Hence, the bound to the adversary’s guessing probability is given by the solution to the following linear program:

$$\begin{array}{ll}\mathop{\max }\limits_{\{\lambda \}}&\sum\limits _{i}{\gamma }_{i}({\lambda }_{i,N}+{\lambda }_{i,Y}+{\lambda }_{i,H}\cdot {g}_{i})\\ \,\text{s.t.}\,&\sum\limits _{i}{\gamma }_{i}\left({\lambda }_{i,Y}+{\lambda }_{i,H}\cdot {p}_{i}\right)=\alpha \\ &\sum\limits _{i}{\gamma }_{i}\cdot {\lambda }_{i,Y}=\beta \\ &{\lambda }_{i,N}+{\lambda }_{i,Y}+{\lambda }_{i,H}=1\forall i\\ &{\lambda }_{i,\{N,Y,H\}}\ge 0.\end{array}$$

In order to formulate the solution to this optimization problem, let us introduce some notation. We start by dividing the set of all entropy sources \({\mathcal{S}}\) into two sets, \({{\mathcal{S}}}_{+}\) and \({{\mathcal{S}}}_{-}\). The source \({{\mathcal{S}}}_{i}\) belongs to \({{\mathcal{S}}}_{+}\) if and only if \({p}_{i}>\frac{1}{2}\), otherwise it belongs to \({{\mathcal{S}}}_{-}\). Let us also define N+ as the number of sources in the set \({{\mathcal{S}}}_{+}\) (including the possibility that N+ represents ). We will use positive integers i ≥1 to label the elements of \({{\mathcal{S}}}_{+}\), and negative integers i ≤ − 1 to label the elements of \({{\mathcal{S}}}_{-}\). This allows us to define \({N}_{-}=-| {{\mathcal{S}}}_{-}|\), where \(| {{\mathcal{S}}}_{-}|\) is the cardinality of \({{\mathcal{S}}}_{-}\) (again, potentially infinite). Then, without loss of generality, we will use the ordering of the sources in the set \({\mathcal{S}}\) such that i > j, pi ≥ pj. We use the convention that unless specified otherwise, ∑i denotes the sum over all sources from \({\mathcal{S}}\). Last but not least, note that we deliberately left out the index i = 0, as it is used in a formulation of the solution and its proof.

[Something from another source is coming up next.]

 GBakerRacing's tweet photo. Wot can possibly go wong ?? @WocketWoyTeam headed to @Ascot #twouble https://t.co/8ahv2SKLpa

Using the above notation, the solution of the optimization problem presented in Eq. (8) reads (see section “Known distribution analysis” for proof):

$${g}^{* }=1-(\alpha -\beta )\left(\frac{1-{p}_{N}}{{p}_{N}}\right)+\mathop{\sum }\limits_{i = N+1}^{{N}_{+}}{\gamma }_{i}\left(\frac{{p}_{i}}{{p}_{N}}-1\right).$$

Here, if \({\sum }_{i\in {{\mathcal{S}}}_{+}}{\gamma }_{i}{p}_{i}\le \alpha -\beta\), then N = 0 and \({p}_{N}=\frac{1}{2}\), and otherwise N is defined to be the largest natural number such that

$$\mathop{\sum }\limits_{i=N}^{{N}_{+}}{\gamma }_{i}{p}_{i}\ge \alpha -\beta .$$

Again, the guessing probability g* allows us to lower bound the min-entropy of the output string Y of length Y as \({H}_{\min }(Y| E)\ge -| Y| {\mathrm{log}\,}_{2}({g}^{* })\).

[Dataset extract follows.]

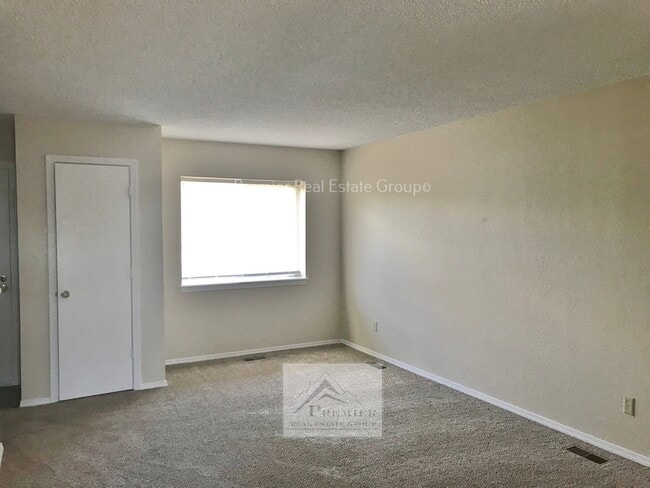 Building Photo - 527 Comanche Village Dr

In the more general case, the probability distribution γ, which chooses the simple source \({{\mathcal{S}}}_{i}\) to use in a given round, is not fully characterized, but is constrained by a set of functions, {fj(γ) = cj}. Formally, all the arguments from the previous case remain the same, except now the optimization needs to be done over the parameters γi as well. The maximization task can be stated as follows:

$$\begin{array}{ll}\mathop{\max }\limits_{\{\lambda \},\{\gamma \}}&\sum\limits _{i}{\gamma }_{i}\left({\lambda }_{i,N}+{\lambda }_{i,Y}+{\lambda }_{i,H}\cdot {g}_{i}\right)\\ \,\text{s.t.}\,\quad &{f}_{j}(\gamma )={c}_{j}\quad \forall j\\ &\sum\limits _{i}{\gamma }_{i}=1\\ &\sum\limits _{i}{\gamma }_{i}\left({\lambda }_{i,Y}+{\lambda }_{i,H}\cdot {p}_{i}\right)=\alpha \\ &\sum\limits _{i}{\gamma }_{i}\left({\lambda }_{i,Y}+{\lambda }_{i,H}\right)=\beta \\ &{\lambda }_{i,N}+{\lambda }_{i,Y}+{\lambda }_{i,H}=1\quad \forall i\\ &{\lambda }_{i,\{N,Y,H\}}\ge 0\\ &{\gamma }_{i}\ge 0.\end{array}$$

Since the functions fj are in principle arbitrary, the constraints might not be linear anymore and thus it might not be possible to efficiently solve the problem, even numerically. However, if the functions fj are smooth, for every fixed distribution γ, we are able to optimize over the variables {λ} according to the previous section. Therefore we can use the solution in Eq. (9) as the objective function, and the optimization problem becomes

$$\begin{array}{ll}\mathop{\max }\limits_{\{\gamma \}}&1-(\alpha -\beta )\left(\frac{1-{p}_{N}}{{p}_{N}}\right)+\mathop{\sum }\limits_{i=N+1}^{{N}_{+}}{\gamma }_{i}\left(\frac{{p}_{i}}{{p}_{N}}-1\right),\\ \,\text{s.t.}\,\quad &{f}_{j}(\gamma )={c}_{j}\quad \forall j\quad \\ &\sum\limits _{i}{\gamma }_{i}=1\\ &{\gamma }_{i}\ge 0.\end{array}$$

Note that this is still not an easy optimization problem, because even if the functions fj are smooth, a minor change in the distribution of γi might lead to a change in the starting point of the summation in Eq. (10), as N is implicitly dependent on γi via Eq. (10).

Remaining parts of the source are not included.